Тигран молча улыбнулся. Он не мог ни одному из соперников преподнести даже пешки…
В тот вечер, когда Петросян сдался Бронштейну, он долго гулял с Кересом по улицам Амстердама. Оба не проронили за весь вечер и нескольких слов. Петросяну было не до разговоров, а тактичный Керес понимал, что в таких случаях любые слова утешения будут только растравлять рану…
Злоключения его между тем не кончились. В третьей партии — с самим Смысловым, который тогда был в зените своей славы и спустя год стал чемпионом мира, Петросян отлично вел борьбу и черными добился совершенно выигранной позиции. Но, стараясь победить наиболее «комфортабельным» способом, он упустил верный выигрыш.
Поразительно, но и в четвертом туре его ждали огорчения! Во встрече со Спасским Петросян добился огромного позиционного перевеса и выиграл пешку. Однако тут уже, наверное, сказалось то, что он был психологически травмирован. Петросяну отказало его мастерство реализации преимущества, и Спасскому тоже удалось спастись.
И эта, четвертая, неудача не сломила Петросяна! В первом круге он все же достиг пятидесятипроцентного результата, выиграв у Филипа и Пильника.
Можно было подумать, что он оправился от ошеломляющих неудач и во втором круге натворит еще бед. Но порох у Тиграна уже кончился. Во втором круге он, правда, осуществил вендетту, выиграв у Геллера, но зато остальные восемь партий провел в добром старом стиле, вновь став милым «Тигранчиком». В итоге Петросян набрал девять с половиной очков — на пол-очка меньше, чем Керес, и на два — чем победитель турнира Смыслов, и разделил третье-седьмое места с Бронштейном, Геллером, Спасским и Сабо.

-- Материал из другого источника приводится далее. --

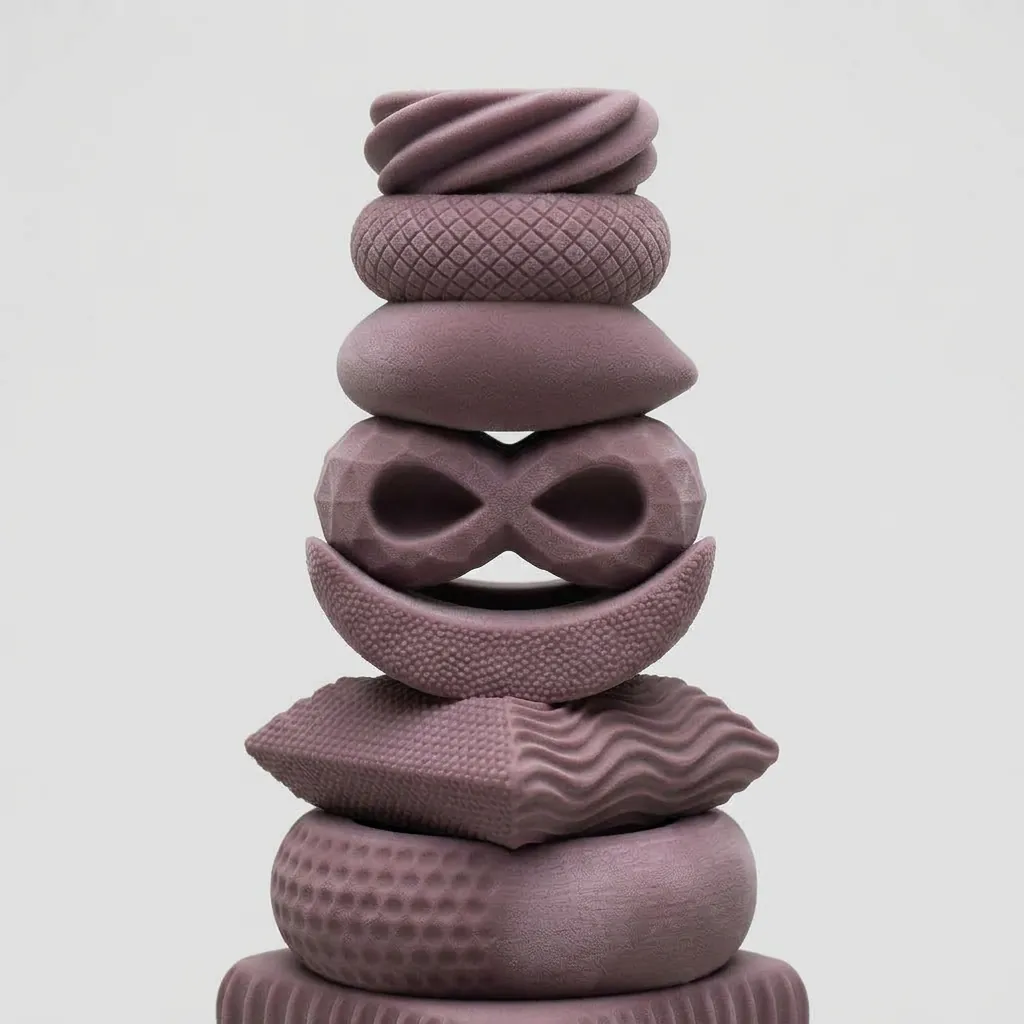 Mauve Geometric Stack Curio, close-up detail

Для неудачника, начавшего столь ответственное состязание с двух поражений, совсем не плохо, не правда ли? Но Петросян был недоволен. И вовсе не спортивным результатом. И даже не тем, что попытка изменить обычную турнирную стратегию, вернуться к полнокровной борьбе кончилась плачевно. Он был встревожен, чтобы не сказать — напуган, тем что попытка эта, оказывается, несколько запоздала, что он уже втянулся во вредную привычку отнимать очки только у слабых и делить очки с сильными. Потому что Петросян пришел к прискорбному для себя выводу: неудачи в партиях с Бронштейном, Смысловым и Спасским, как ни горько ему было это признавать, только казались случайными.

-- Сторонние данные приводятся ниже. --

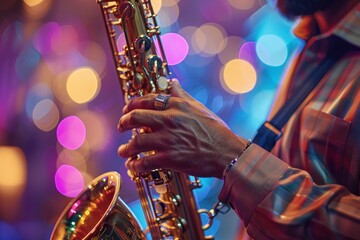Obraz premium Detailed close-up of a saxophonist performing on stage, with the instrument gleaming under the concert lights. The musician's fingers are precisely placed on the keys, and the focused expression on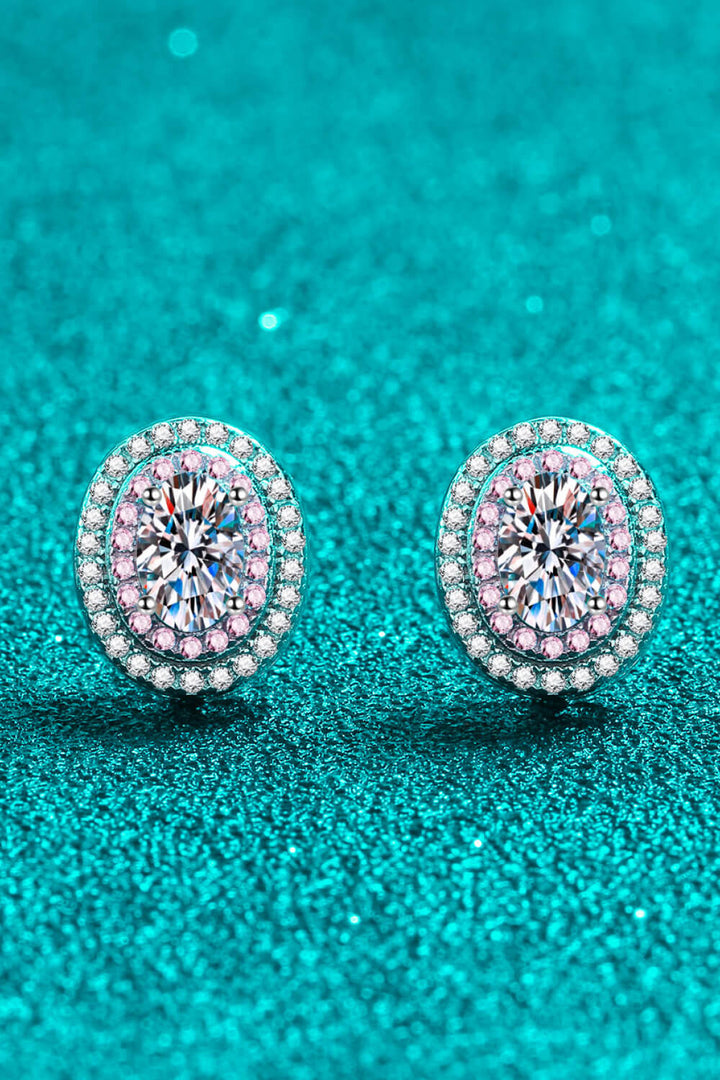 Platinum-Plated Moissanite Stud Earrings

Да, конечно, ферзя в партии с Бронштейном он мог не подставлять, это так, но разве он вынужден был долго маневрировать, стараясь дотянуть игру до контроля, чтобы отложить партию и выиграть ее, что называется, с гарантией? Разве это стремление не демобилизовало его, пусть и частично, не ослабило его внимательности?
Разве это же самое стремление, которое один из комментаторов партии назвал «любовью к усилению позиции», не помешало ему добиться легкого выигрыша над Смысловым? И разве не ходом, опять-таки продиктованным тягой к «спокойной жизни», он упустил львиную долю преимущества во встрече со Спасским?